In a paper entitled, "Sustainable Withdrawal Rates: The Historical Evidence on Buffer Zone Strategies", authors Walter Woerheide and David Nanigan showed that the drag on portfolio returns from holding large amounts of cash can be significant. In other words, the comfort of a large cash bucket can come with a heavy cost. According to the authors, the performance drag imposed by a large cash bucket actually leaves the typical portfolio less sustainable. Large cash holdings mean lower expected portfolio returns, and lower expected returns mean a higher probability of ruin.
As Kitces points out, a retiree with a 4% spending rate would need to hold nearly a sixth of her portfolio in cash to cover four years of spending and that has to be a drag on portfolio returns.
Having lots of money, as usual, helps with this problem. With a low withdrawal rate in the 1.5% to 2% range, a retiree can set aside four years of spending and still have a reasonable cash allocation. The performance penalty only comes when withdrawal rates exceed these.
It has also been argued that TS strategies reduce sequence of returns risk, but Moshe Milevsky showed in "Can Buckets Bail Out a Poor Sequence of Investment Returns?" that this strategy cannot always avoid sequence risk. When a retiree spends all his cash in a market downturn he can be left with an extremely risky all-equity portfolio, possibly before the bear market ends.
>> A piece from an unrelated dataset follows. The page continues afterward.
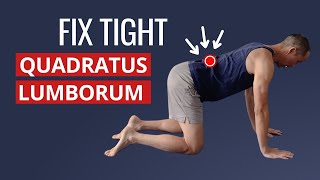 How to Fix a Tight amp Painful QUADRATUS LUMBORUM Stretching Isnt It [upl. by Petunia37]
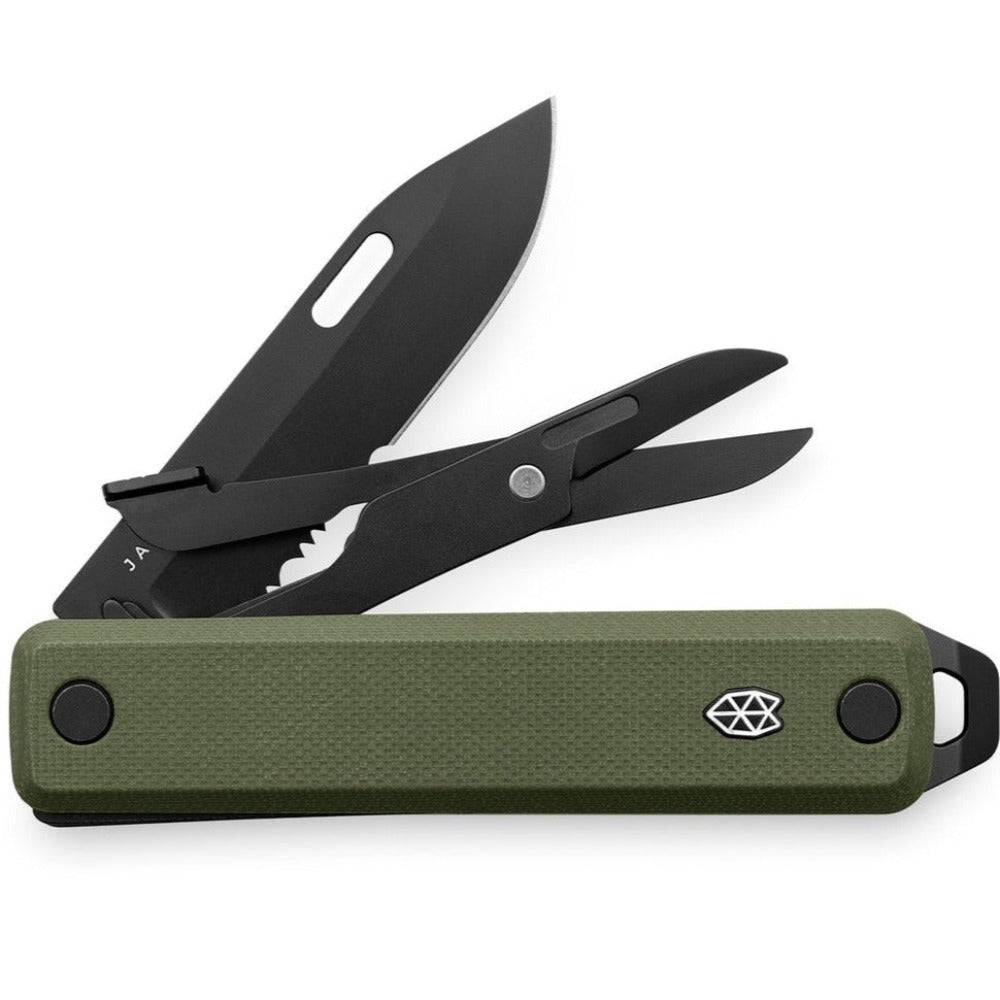 The Ellis w Scissors | OD Green & Black Serrated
(The Milevsky paper is sometimes interpreted as saying that cash buckets cannot avoid a poor sequence of returns. Milevsky, however, simply offers a counterexample argument that shows the strategy doesn't always work.)
You could turn most SWR portfolios into a Time Segmentation portfolio simply by over-allocating cash. But, Woerheide and Nanigan tell us that we would actually hurt portfolio sustainability, not improve it, due to the performance drag of a large cash bucket. Milevsky showed that we can't depend on cash buckets to avoid a poor sequence of returns. This leaves only the behavioral benefit of a Time Segmentation strategy to distinguish it, so it becomes more of a different perspective on a SWR strategy than a unique approach, to my thinking.
If you have a lot of money and a low spending rate, you can hold a cash buffer that covers four or five years of spending without much damage to expected portfolio returns. The benefits will be largely psychological, but will have little or no financial cost. Retirees with a withdrawal rate of 3% or more may find the psychological benefits of this mental accounting worth the financial cost, but need to understand that it comes at a price.
I'm crossing Time Segmentation off my list of sound retirement income strategies, not because it is flawed or dominated, but because I don't believe it is distinct enough from SWR strategies to warrant separate consideration. In the end, it is largely a SWR strategy with perhaps too large an allocation to cash for its own good.
I believe Time Segmentation will provide a useful way for many retirees to view their finances, so just look at your portfolio from both perspectives. And, again, I don't want to minimize the value of making retirees comfortable, even if there are more efficient financial strategies. Over-withholding one's taxes, for example, isn't an efficient way to save money, but some people have trouble saving any other way.
I think a sub-optimal strategy is better than no strategy. Or, as my friend Peter is fond of saying, bad breath is better than no breath at all.